▶ [The problem] Print the whole listing below exactly, skipping every picture.

▶ [Data]
---
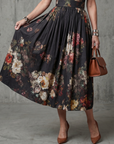 Greta | High Neck Keyhole Floral Pleated Midi Dress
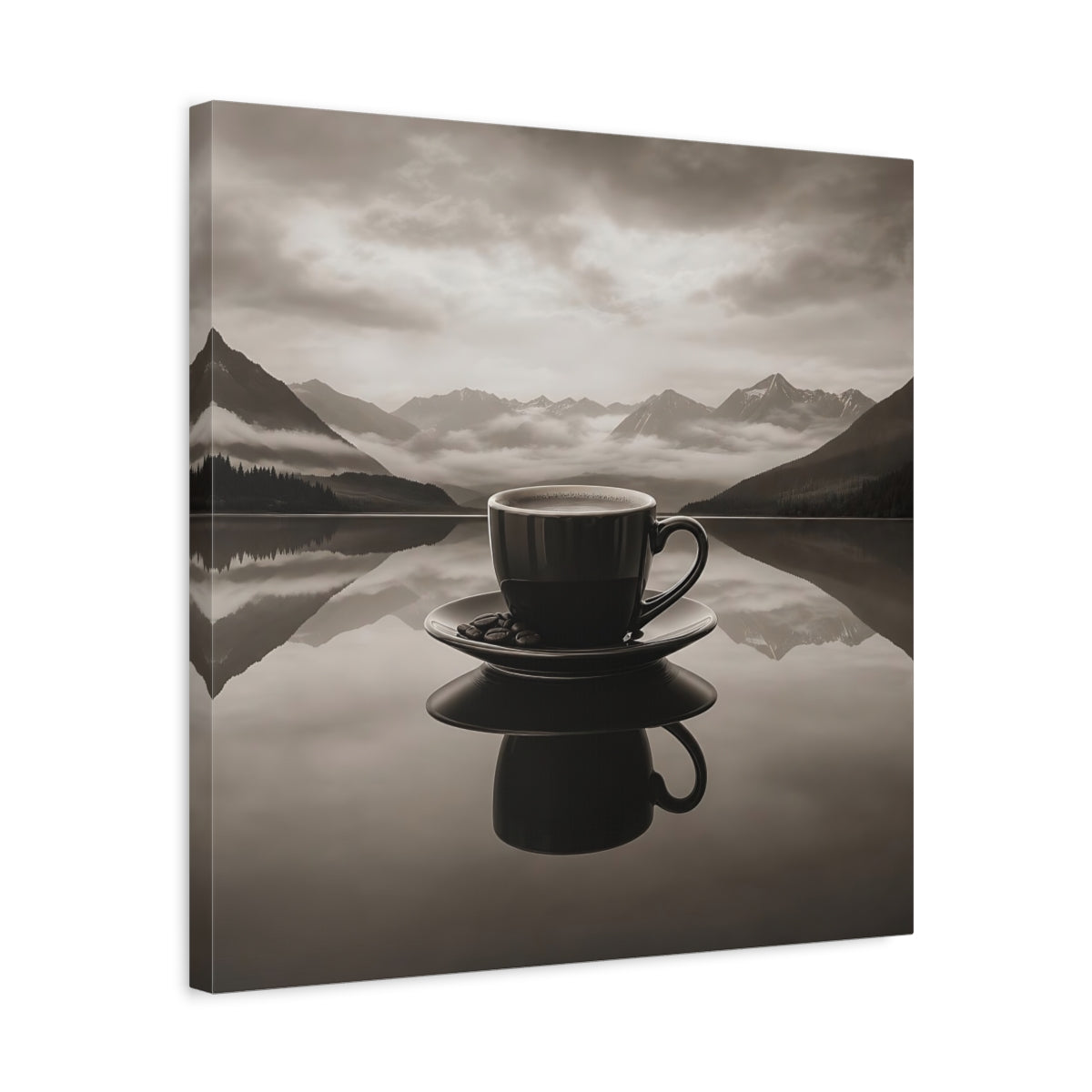 Side Mockup 5. Nature Coffee Cup Monochrome Coffee shown as stretched canvas wall art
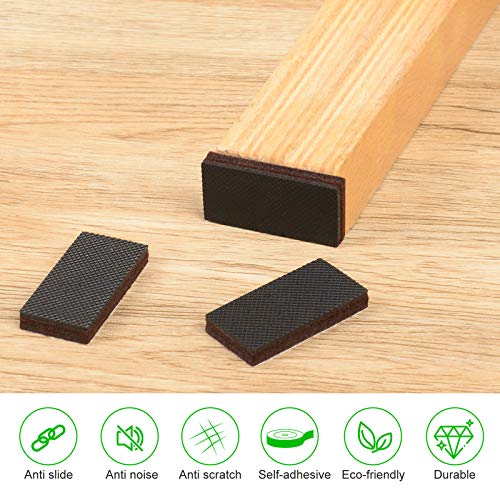 Rectangle Non Slip Furniture Pads 8 Pieces 1x2 inch, Anti Slip Rubber Furniture Pads, Furniture Grippers for Hardwood Floors, Rubber Furniture Feet, Furniture Stoppers to Prevent Sliding - size: 8pcs Rectangle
---
▶ [Response area]
 Greta | High Neck Keyhole Floral Pleated Midi Dress
 Side Mockup 5. Nature Coffee Cup Monochrome Coffee shown as stretched canvas wall art
 Rectangle Non Slip Furniture Pads 8 Pieces 1x2 inch, Anti Slip Rubber Furniture Pads, Furniture Grippers for Hardwood Floors, Rubber Furniture Feet, Furniture Stoppers to Prevent Sliding - size: 8pcs Rectangle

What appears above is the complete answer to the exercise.